5. The model is solved for forced convection with the actual components and the joule-heating within the trace layers of the PCB is modeled.

Introduction:-

A printed circuit board (PCB) mechanically supports and electrically connects electrical or electronic component electrical or electronic components using conductive tracks, pads, and other features etched from one or more sheet layers of copper laminated onto and between sheet layers of a non-conductive substrate. Components are generally soldered onto the PCB to both electrically connect and mechanically fasten them to it. Printed circuit boards are used in all but the simplest electronic products. They are also used in some electrical products, such as passive switch boxes. 

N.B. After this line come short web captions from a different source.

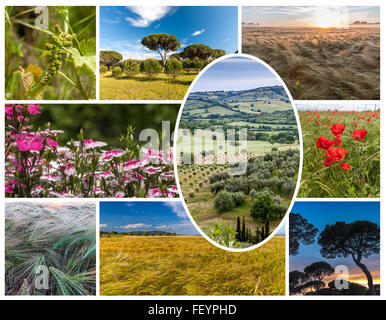 Collage of the hills in Tuscany Stock Photo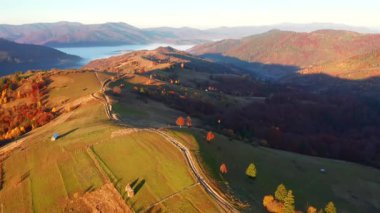 Yuvarlanan tepelerin sabah ışığında muhteşem sonbahar sahnesi. 4k, İHA videosu ile çekilmiştir..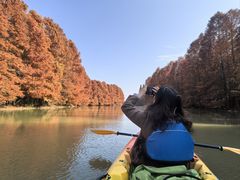 -上海海湾国家森林公园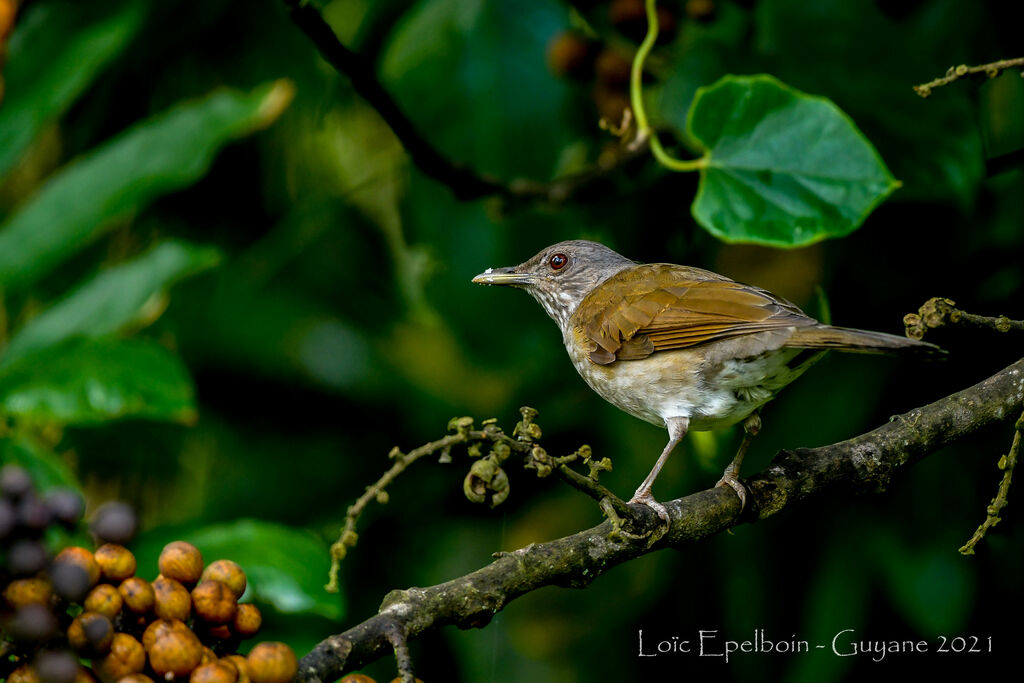 Pale-breasted Thrush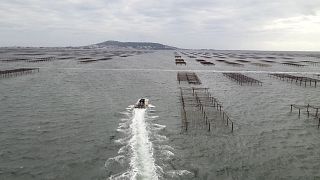 Lucha contra le erosión en el lido de Marseillan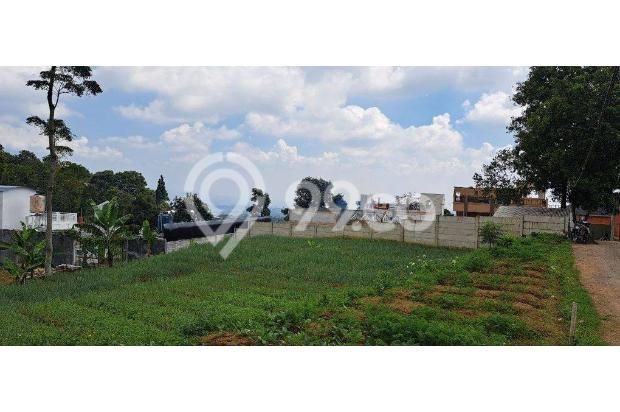 JUAL CEPAT TANAH MURAH LEGALITAS SHM DI PUNCAK BOGOR 
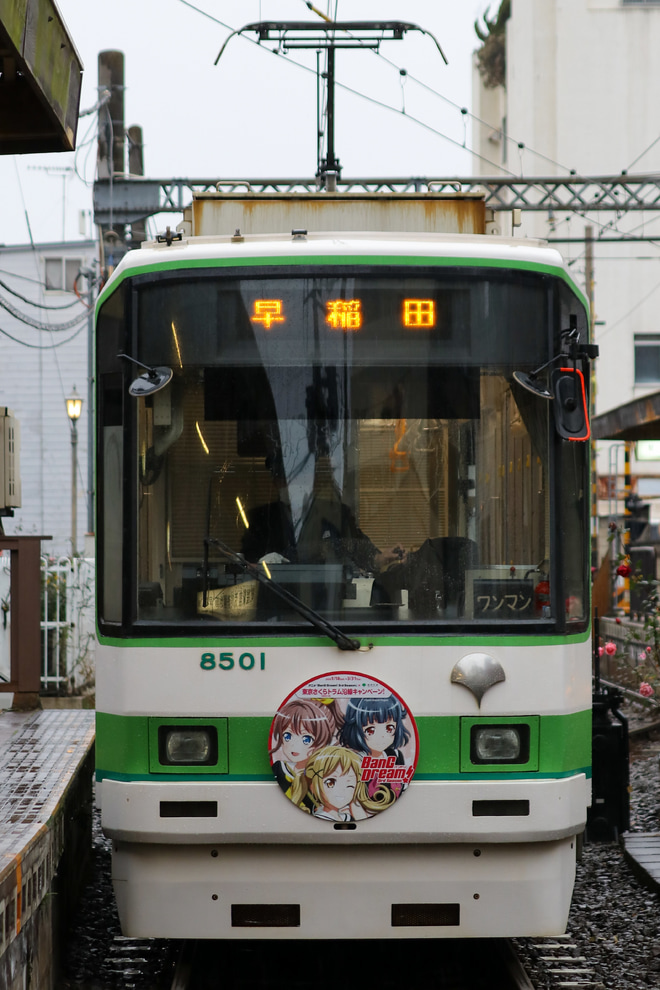 【都営】都電8501F『BanG Dream!3rd Season』コラボHMを三ノ輪橋駅で撮影した写真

Alternatives to PCBs include wire wrap and point-to-point construction, both once popular but now rarely used. PCBs require additional design effort to lay out the circuit, but manufacturing and assembly can be automated. Electronic computer-aided design software is available to do much of the work of layout. Mass-producing circuits with PCBs is cheaper and faster than with other wiring methods, as components are mounted and wired in one operation. Large numbers of PCBs can be fabricated at the same time, and the layout only has to be done once. PCBs can also be made manually in small quantities, with reduced benefits.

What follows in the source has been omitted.